One of the most common causes of gastritis is the use of gastrolesic drugs, such as non-steroidal anti-inflammatory drugs (NSAIDs), which reduce the production of prostaglandins in the stomach. The prostaglandins reduce acid secretion, stimulate the production of mucus and bicarbonates and promote blood circulation of the gastric mucosa, ensuring its integrity, so a reduction promotes the development of gastritis. Another possible cause of gastritis is the presence of a bacterial infection with Helicobacter Pylori. The bacterium is able to resist the acidic environment of the stomach and produces a series of enzymes harmful to the stomach walls, promoting the development of gastritis and often ulcers.
The gastritis is often asymptomatic. However, it can manifest as a difficult digestion (dyspepsia), with a post-prandial feeling of replenishment, nausea, burning and/or pain in the central part of the abdomen (usually at the top, in the middle, in a region of the abdomen called the epigastrium). In some cases the pain is reduced or disappears after the main meals. Patients with this condition rarely complain of vomiting, after eating or fasting.
Diagnosis and therapy
The first thing to do in young people is to research the Helicobacter Pylori. The bacterium can be tested by faecal, blood or breath tests (urea Breath Test). The breath test is performed by making the patient drink a particular solution containing a marked urea with a carbon isotope (non-radioactive), therefore the patient must breathe inside a machine or in a tube. The bacterium is able to split the urea into water and carbon dioxide, if in the patient’s exhaled there is the presence of carbon dioxide marked means that there is infection with Helicobacter Pylori.

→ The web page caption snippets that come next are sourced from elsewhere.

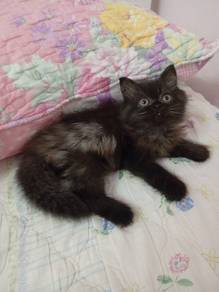 Anak Kucing Parsi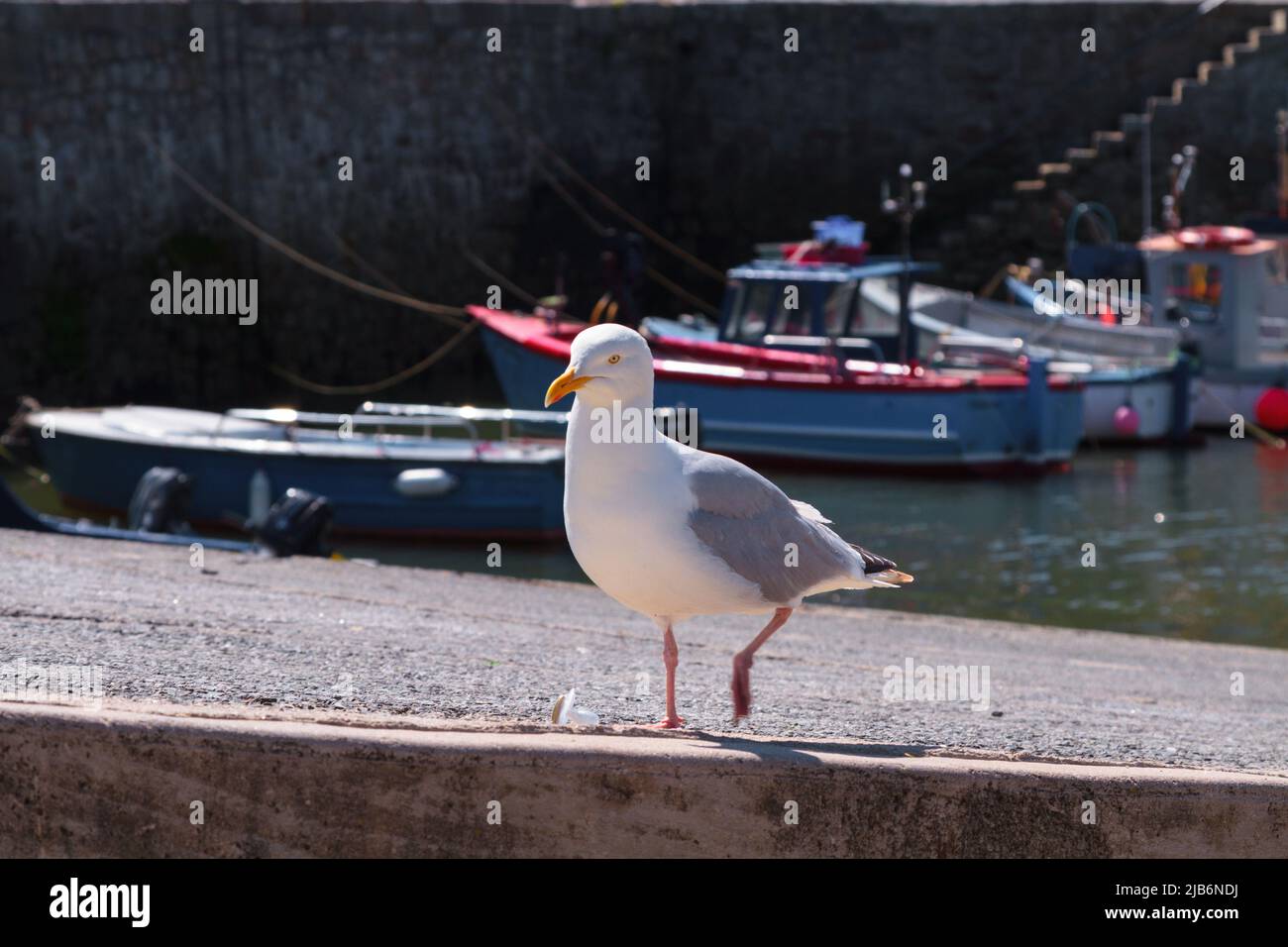 Heringsmöwe schlendert am Hafen von Porthleven Stockfoto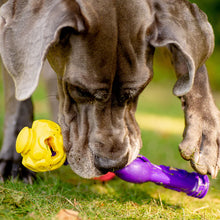 Load image into Gallery viewer, K9Connectables Dog Toys - Tech Bone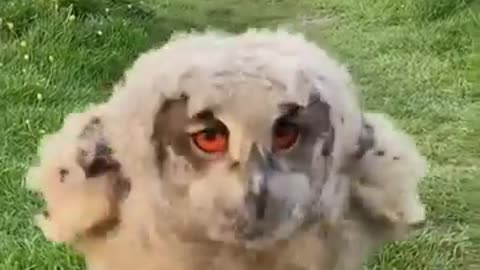 Animal emotional videos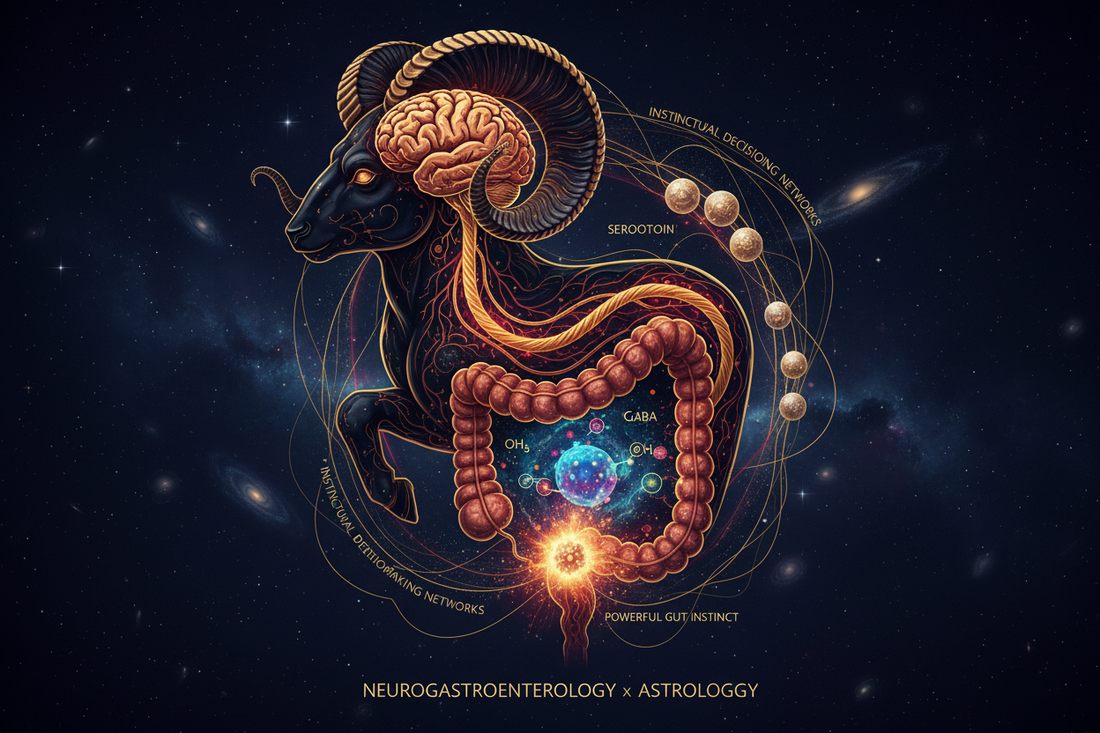 Aries Gut-Brain Axis: Your Second Brain & Intuition - Nicole's ritual universe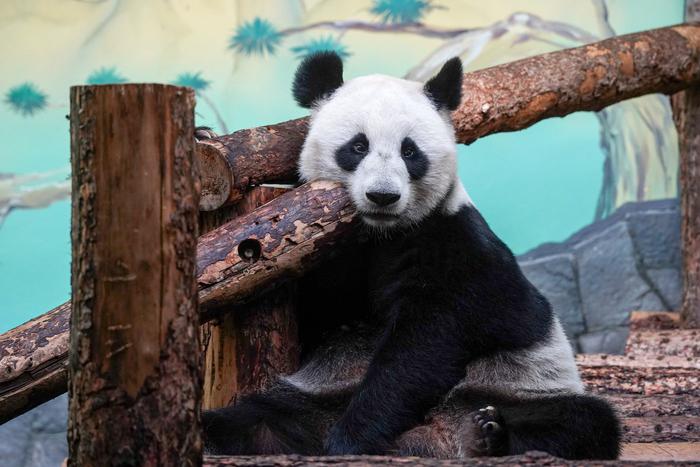 Жители Китая с удовольствием следят за трансляциями из Московского зоопарка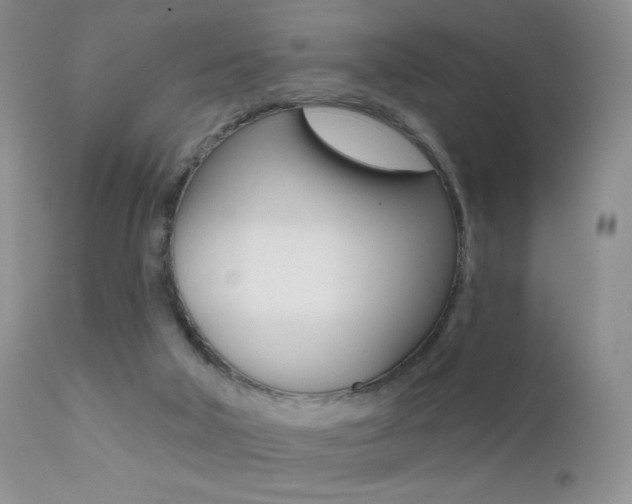 X0000113200018200909100933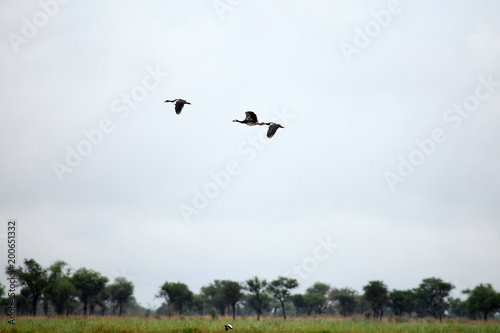 White Faced Whistling Duck - Lake Opeta - Uganda, Africa © Sam D'Cruz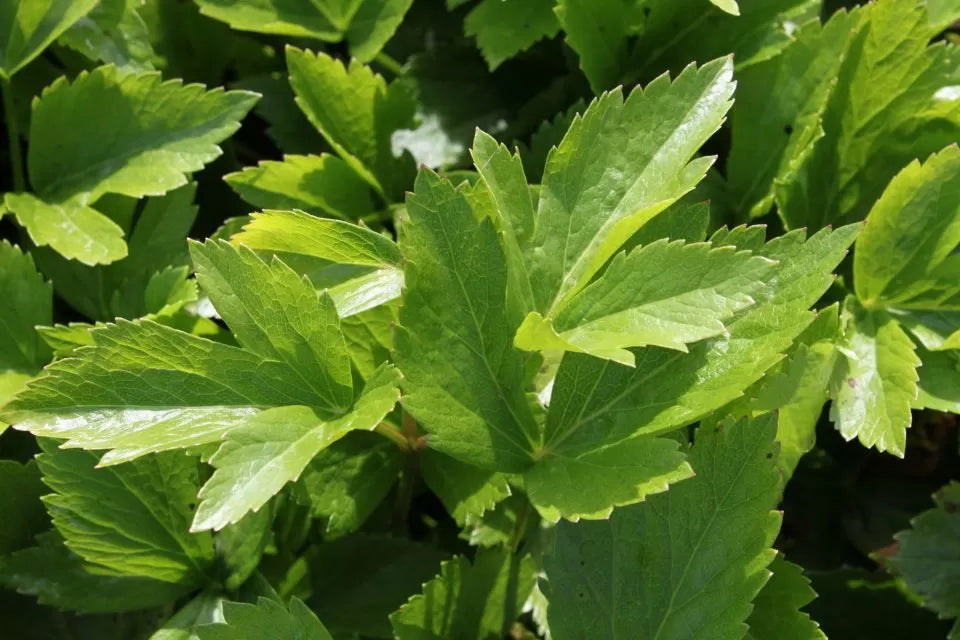 Herbes salées sauvages |  190 ml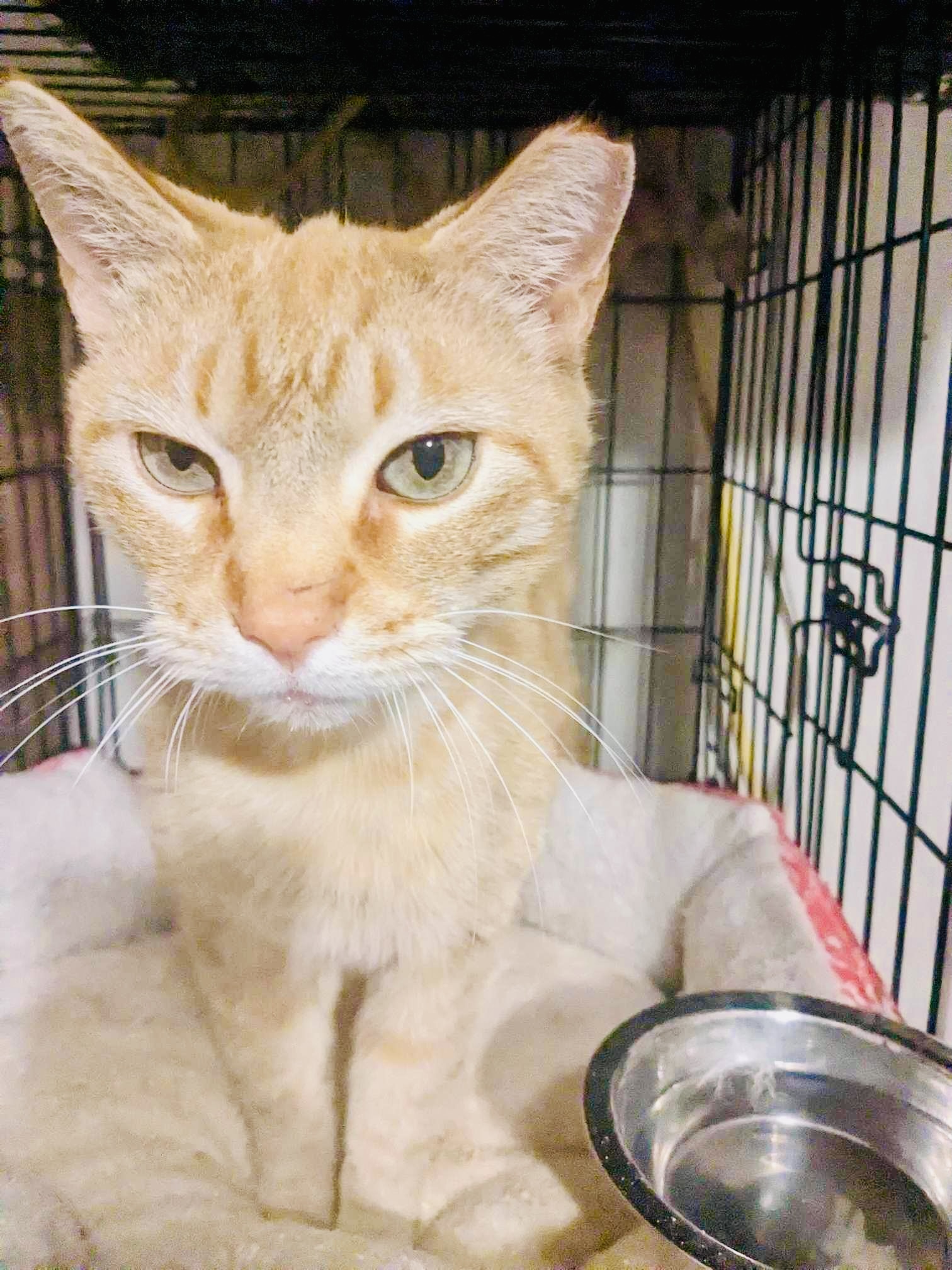Tony, adoptable, Adult Male Domestic Short Hair.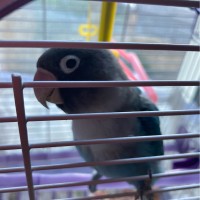 Boggie Coco
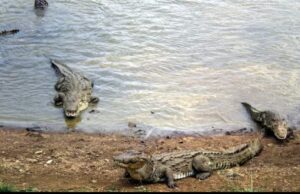 कोटमी सोनार किले की खाई में रहते हैं मगरमच्छ…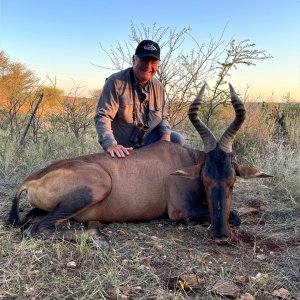 Red Hartebeest Hunt Namibia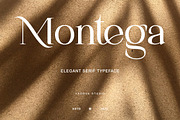 Montega Elegant Serif Typeface Font, a Serif Font by Vadovastd (Thumbnail 7 of 8)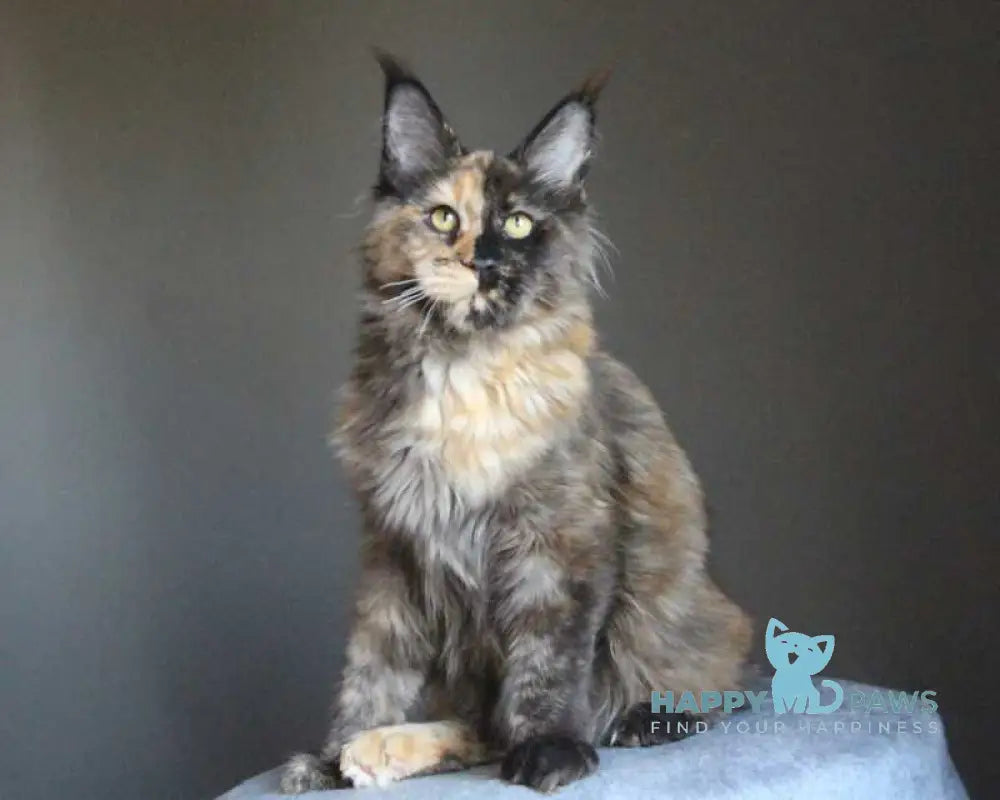 Shanya Maine Coon female black tortie silver live animals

For those symptomatic subjects who do not respond to therapy and are more than 45 years old, an esophago-gastro-duodenoscopy or EGDS is recommended. In these cases, in fact, the same symptoms of gastritis could be the expression of other and much more serious diseases, including tumors. To treat gastritis, it is advisable to reduce stomach acidity with Anti-H2 drugs (ranitidine type) or proton pump inhibitors (omeprazole type), or antacids (aluminium and magnesium hydroxide) which have the function of temporarily buffering acidity. Mucosal protectors (sucralfate type) and prostaglandins (misoprostol type) are also useful. Antibiotics (such as amoxicillin, clarithromycin), in combination with proton pump inhibitors, are used to eliminate Helicobacter Pylori infection. It is not necessary to follow a particular diet, but it is good to stop smoking and reduce the consumption of alcohol, coffee and tea. Gastrolesic drugs such as anti-inflammatory drugs should be avoided.